Tanggal 29 Mei diperingati sebagai Hari Anti Tambang. Sejarah Hari Anti Tambang berawal dari tragedi semburan lumpur Lapindo, di Desa Renokenongo dan Desa Jatirejo, Kecamatan Porong, Sidoarjo, Jawa Timur, pada 29 Mei 2006.
Wahyu Eka Setyawan, Direktur Eksekutif Wahana Lingkungan Hidup Indonesia (WALHI) Jawa Timur, mengungkapkan, Hari Anti Tambang 2023 menjadi pengingat bagi masyarakat Indonesia bahwa industri ekstraktif itu berbahaya.
Bencana akibat industri tambang minyak dan gas di Sidoarjo itu menenggelamkan 10.000 rumah lebih serta berbagai fasilitas publik seperti sekolah, masjid, kantor pemerintahan, dan lain-lain.
Hari Anti Tambang diperingati pertama kali sejak tahun 2011. Hal itu berdasarkan kesepakatan dalam Pertemuan Nasional Jaringan Advokasi Tambang (Pernas JATAM) 2010.
“Hari Anti Tambang ini sebagai peringatan dan refleksi bahwa industri ekstraktif itu berbahaya. Lapindo itu menjadi salah satu contoh ketika industri ekstraktif dampak kerusakannya bisa luas dan mengundang bencana yang lebih besar kepada masyarakat,” ujar Wahyu saat dikonfirmasi Kabar Trenggalek.
Wahyu menyoroti dampak kerusakan dari industri pertambangan di Jawa Timur. Mengingat, kondisi Pulau Jawa yang sudah dipadati penduduk. Ketika pertambangan diperluas ke wilayah Jawa Timur, bisa meningkatkan potensi bencana.
“Karena rata-rata industri tambang berada di kawasan hutan, dekat pemukiman, dekat mata air, dan tentu mengganggu kehidupan masyarakat. Padahal, Jawa kebutuhan airnya cukup besar. Apalagi dengan menurunnya jumlah mata air dan hutan di berbagai wilayah, lha kok ditambah tambang?” ucap Wahyu.
WALHI Jawa Timur juga menyoroti izin pertambangan di Trenggalek berpotensi untuk memperentan wilayahnya dari ancaman bencana. Menurut Wahyu, perizinan tambang emas PT Sumber Mineral Nusantara (SMN) di Trenggalek tumpang tindih dengan kawasan hutan lindung dan karst.
Perlu diketahui, berdasarkan dokumen Izin Usaha Pertambangan Operasi Produksi (IUP OP) PT SMN, ada 9 dari 14 kecamatan di Trenggalek yang masuk konsesi tambang emas.
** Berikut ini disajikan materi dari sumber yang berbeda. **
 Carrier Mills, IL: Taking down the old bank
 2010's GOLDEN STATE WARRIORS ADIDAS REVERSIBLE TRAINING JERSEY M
Area konsesi 12.813,41 hektare dari PT SMN itu tercacat sebagai tambang emas terbesar di Pulau Jawa.
“Tambang-tambang di Pulau Jawa ini daripada mengisi ruang kosong, tapi malah lebih banyak mengisi ruang-ruang penting, ruang penyangga, yang seharusnya tidak dialihfungsikan. Berarti, Jawa ini tidak butuh tambang, karena sudah tidak ada ruang lagi,” terang Wahyu.
Wahyu mengatakan, seharusnya pemerintah pusat maupun Provinsi Jawa Timur, untuk lebih memaksimalkan perekonomian yang tidak merusak lingkungan, bukan mengedepankan tambang. Sebab, tambang dinilai tidak menguntungkan, tapi lebih banyak memberi dampak kerusakan lingkungan serta bencana kepada masyarakat.
Menurut Wahyu, masyarakat Trenggalek perlu melihat contoh pertmabangan yang sudah memberi dampak kerusakan lingkungan di wilayah lain. Sehingga masyarakat Trenggalek memiliki kesadaran untuk menyelamatkan ruang hidupnya.
“Trenggalek kalau dijebol tambang, akan menambah korban di Pulau Jawa. Karena di wilayah Jawa Timur sudah dieksploitasi, Trenggalek akan dieksploitasi juga, tempat-tempat lain berpotensi dieksploitasi. Dengan menjaga Trenggalek dari pertambangan, itu juga menjaga kawasan pesisir selatan dari ancaman bencana,” jelas Wahyu.
Wahyu menilai, perjuangan menolak tambang penting bagi masyarakat Trenggalek. Karena perjuangan itu menunjukkan bahwa tanpa tambang, masyarakat Trenggalek bisa sejahtera.
“Terutama dengan hasil-hasil bumi di Trenggalek. Dengan hasil bumi dan wisata, Trenggalek sudah baik. Tentu itu menunjukkan, tanpa tambang, masyarakat Trenggalek bisa hidup dan sejahtera,” ujarnya.